● PROBLEM STATEMENT: Please restate each line of the data that follows word for word, skipping any image.

Caption-style text data
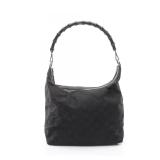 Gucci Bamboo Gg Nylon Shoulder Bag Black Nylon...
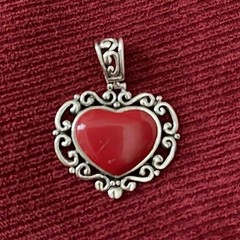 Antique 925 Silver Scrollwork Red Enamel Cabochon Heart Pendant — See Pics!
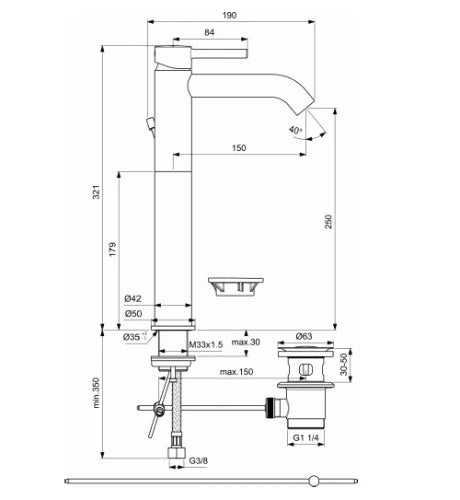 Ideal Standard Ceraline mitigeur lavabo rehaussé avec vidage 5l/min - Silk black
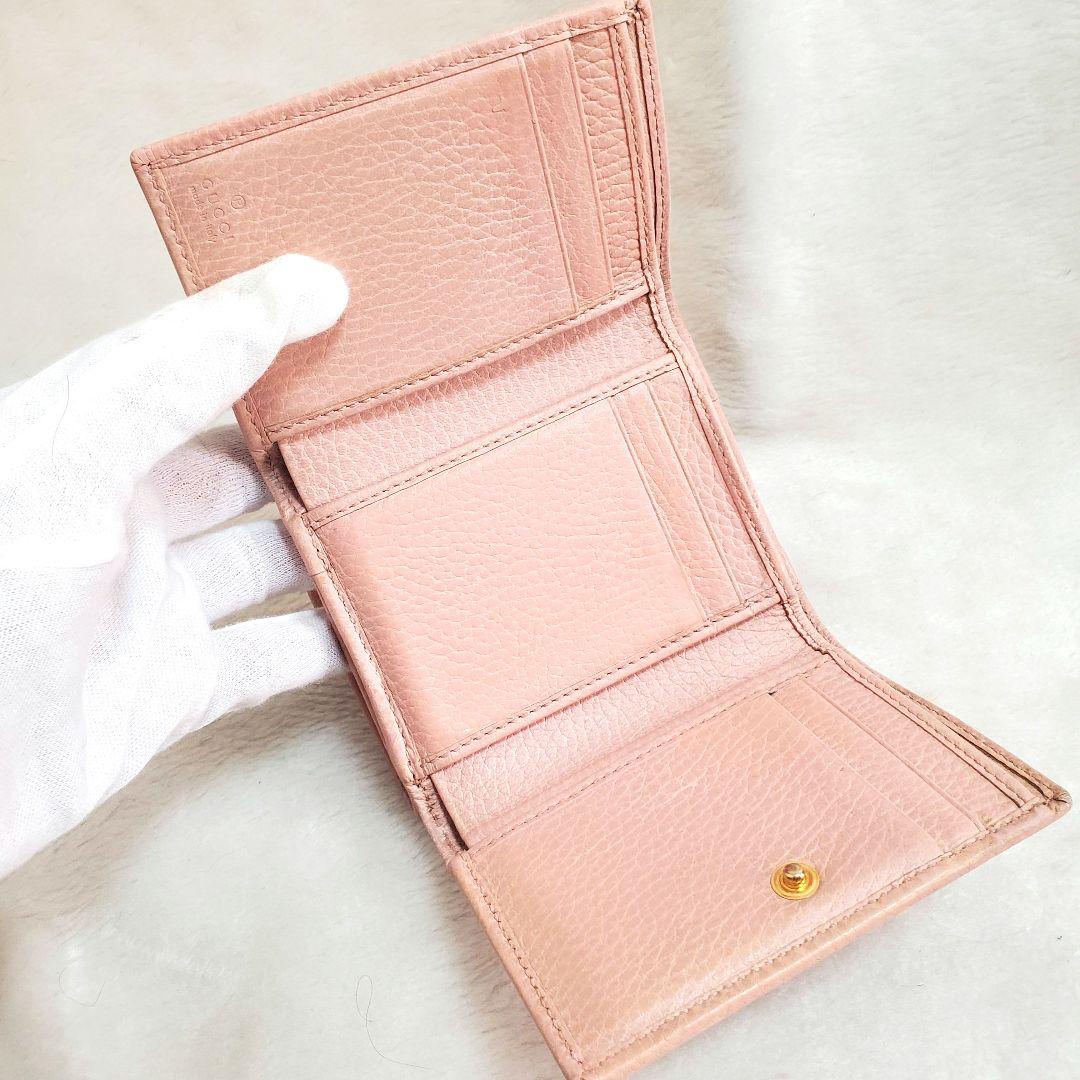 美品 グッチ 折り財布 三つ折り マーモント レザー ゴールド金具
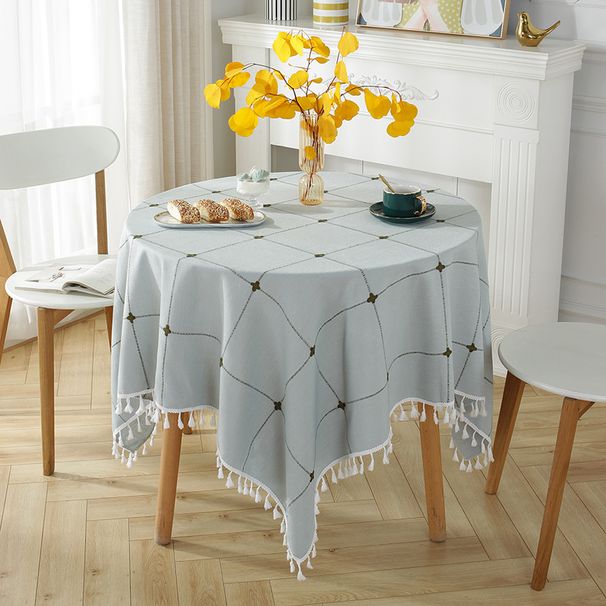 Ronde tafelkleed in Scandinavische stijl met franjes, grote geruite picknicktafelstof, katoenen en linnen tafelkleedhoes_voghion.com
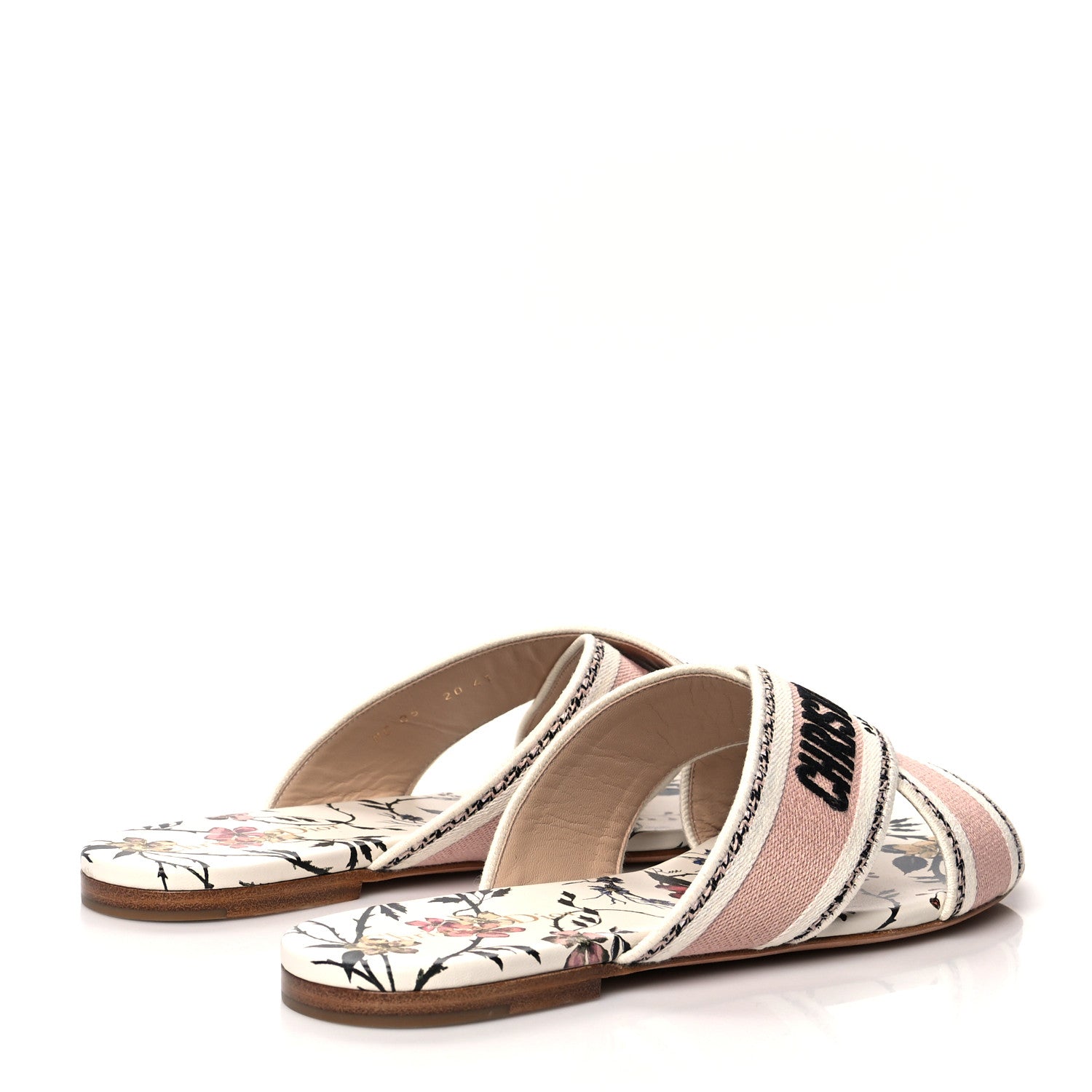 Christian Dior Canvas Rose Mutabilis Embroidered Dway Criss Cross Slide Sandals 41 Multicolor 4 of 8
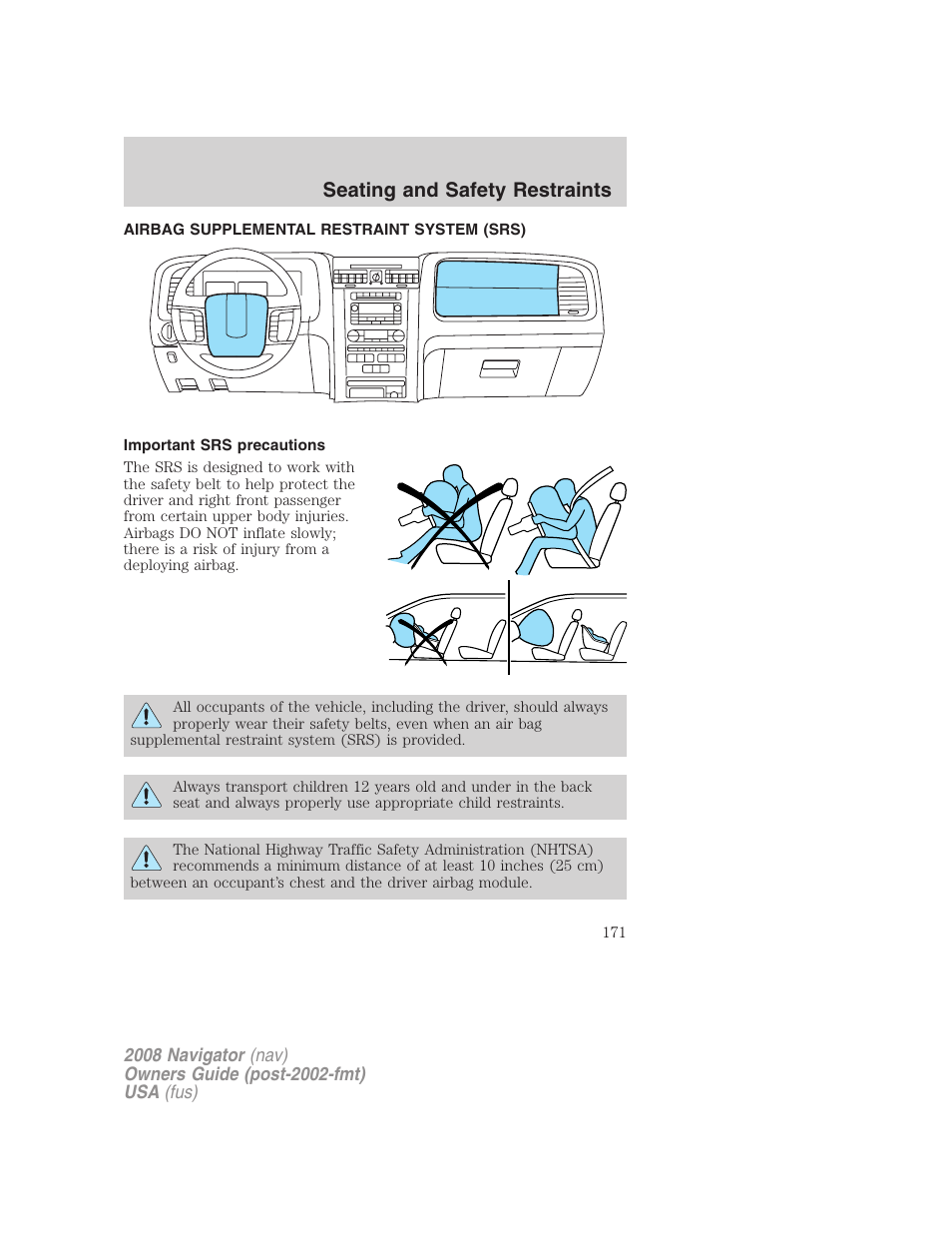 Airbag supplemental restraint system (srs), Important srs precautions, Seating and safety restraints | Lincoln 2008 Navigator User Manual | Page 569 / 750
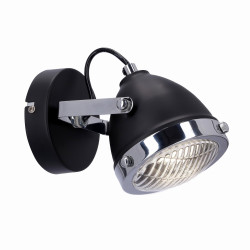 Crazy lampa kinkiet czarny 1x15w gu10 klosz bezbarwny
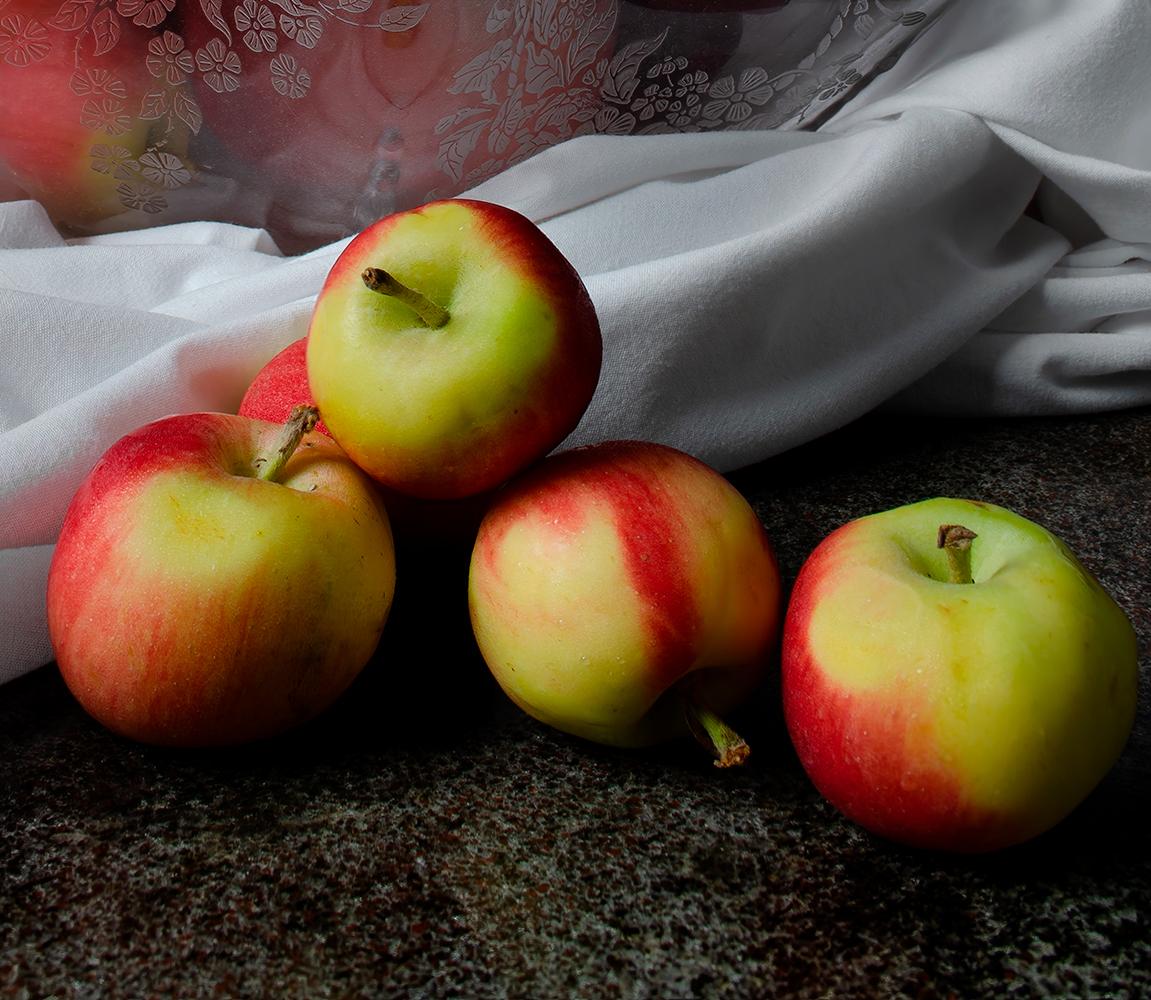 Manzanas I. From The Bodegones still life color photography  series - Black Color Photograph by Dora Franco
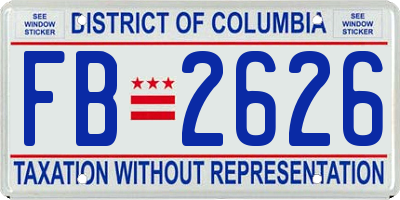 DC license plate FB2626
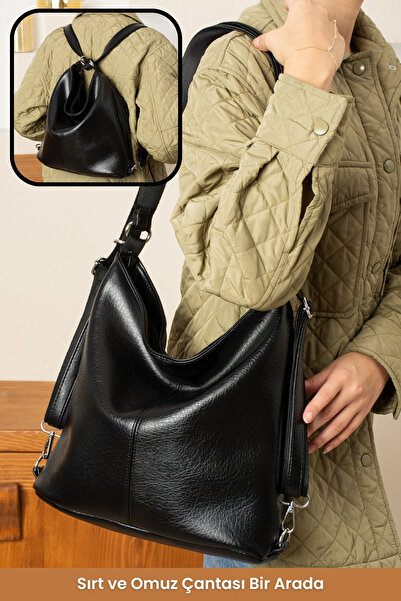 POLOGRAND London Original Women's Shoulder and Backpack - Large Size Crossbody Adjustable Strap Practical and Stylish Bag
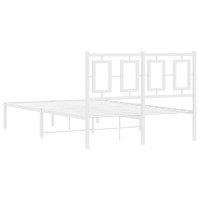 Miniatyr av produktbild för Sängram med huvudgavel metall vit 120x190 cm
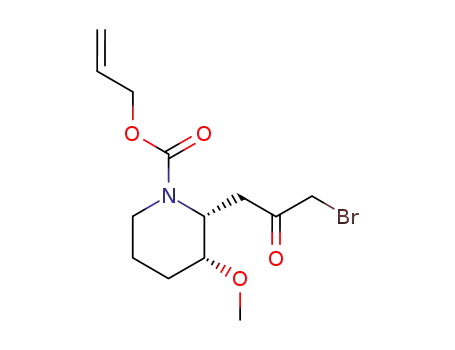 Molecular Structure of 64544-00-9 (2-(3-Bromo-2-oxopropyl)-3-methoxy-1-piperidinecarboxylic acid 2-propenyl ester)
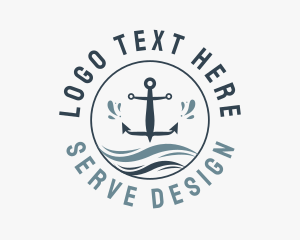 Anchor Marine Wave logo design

● FINISHED EXERCISE:
 Gucci Bamboo Gg Nylon Shoulder Bag Black Nylon...
 Antique 925 Silver Scrollwork Red Enamel Cabochon Heart Pendant — See Pics!
 Ideal Standard Ceraline mitigeur lavabo rehaussé avec vidage 5l/min - Silk black
 美品 グッチ 折り財布 三つ折り マーモント レザー ゴールド金具
 Ronde tafelkleed in Scandinavische stijl met franjes, grote geruite picknicktafelstof, katoenen en linnen tafelkleedhoes_voghion.com
 Christian Dior Canvas Rose Mutabilis Embroidered Dway Criss Cross Slide Sandals 41 Multicolor 4 of 8
 Airbag supplemental restraint system (srs), Important srs precautions, Seating and safety restraints | Lincoln 2008 Navigator User Manual | Page 569 / 750
 Crazy lampa kinkiet czarny 1x15w gu10 klosz bezbarwny
 Manzanas I. From The Bodegones still life color photography  series - Black Color Photograph by Dora Franco
 DC license plate FB2626
 POLOGRAND London Original Women's Shoulder and Backpack - Large Size Crossbody Adjustable Strap Practical and Stylish Bag
 Miniatyr av produktbild för Sängram med huvudgavel metall vit 120x190 cm
 Molecular Structure of 64544-00-9 (2-(3-Bromo-2-oxopropyl)-3-methoxy-1-piperidinecarboxylic acid 2-propenyl ester)
 Anchor Marine Wave logo design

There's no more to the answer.